- _Work instructions_: Transcribe exactly, leaving out pictures, the lines from the one that holds "Strasbourg Lily watermark (partial)" through the end of the data below, including both end lines and no others.

[Image-caption web data]

● ● ● ● ● ● ●

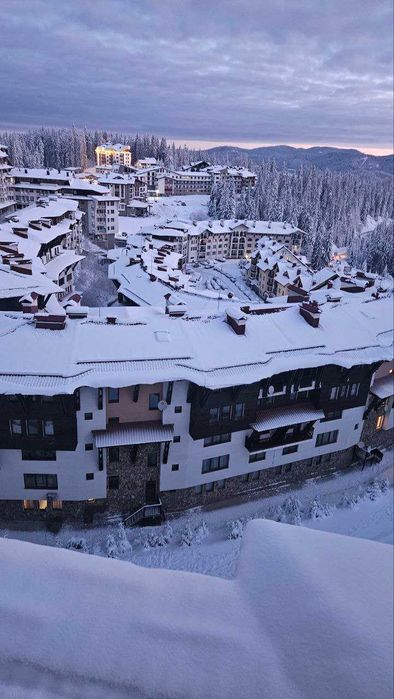 Твоето място в Пампорово! Комфортни апартаменти в Гранд Манастира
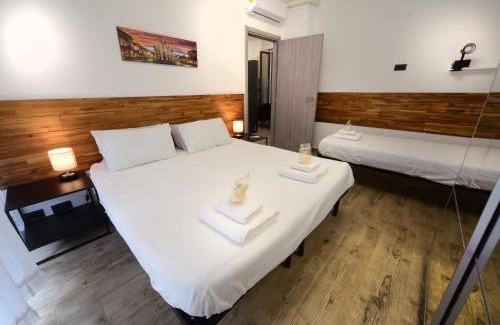 Lorenteggio Apartment | Accogliente Appartamento a pochi passi dalla Metro, San Siro e con Aria Condizionata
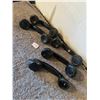 Image 4 : (5) Ear & Mouth Receivers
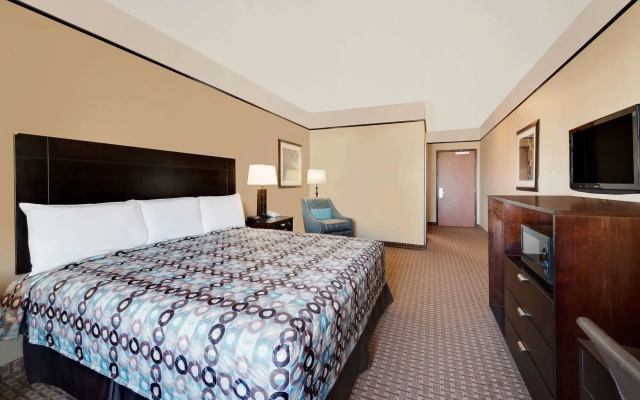 Sonesta Essential Hotels Odessa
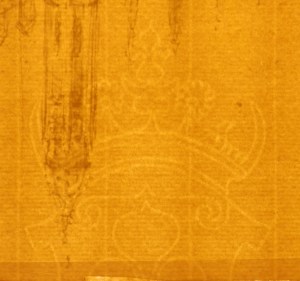 Strasbourg Lily watermark (partial)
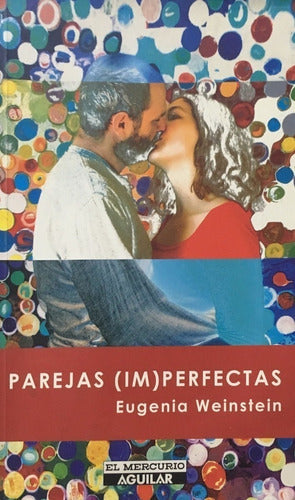 Seller image for Parejas (Im)perfectas for sale by Green Libros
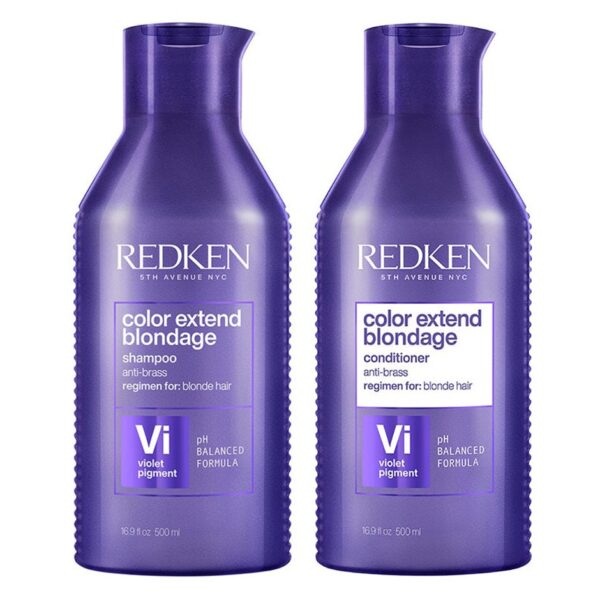 Color Extend Blondage Duo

● ● ● ● ● ● ●

- _Response area_:
 Strasbourg Lily watermark (partial)
 Seller image for Parejas (Im)perfectas for sale by Green Libros
 Color Extend Blondage Duo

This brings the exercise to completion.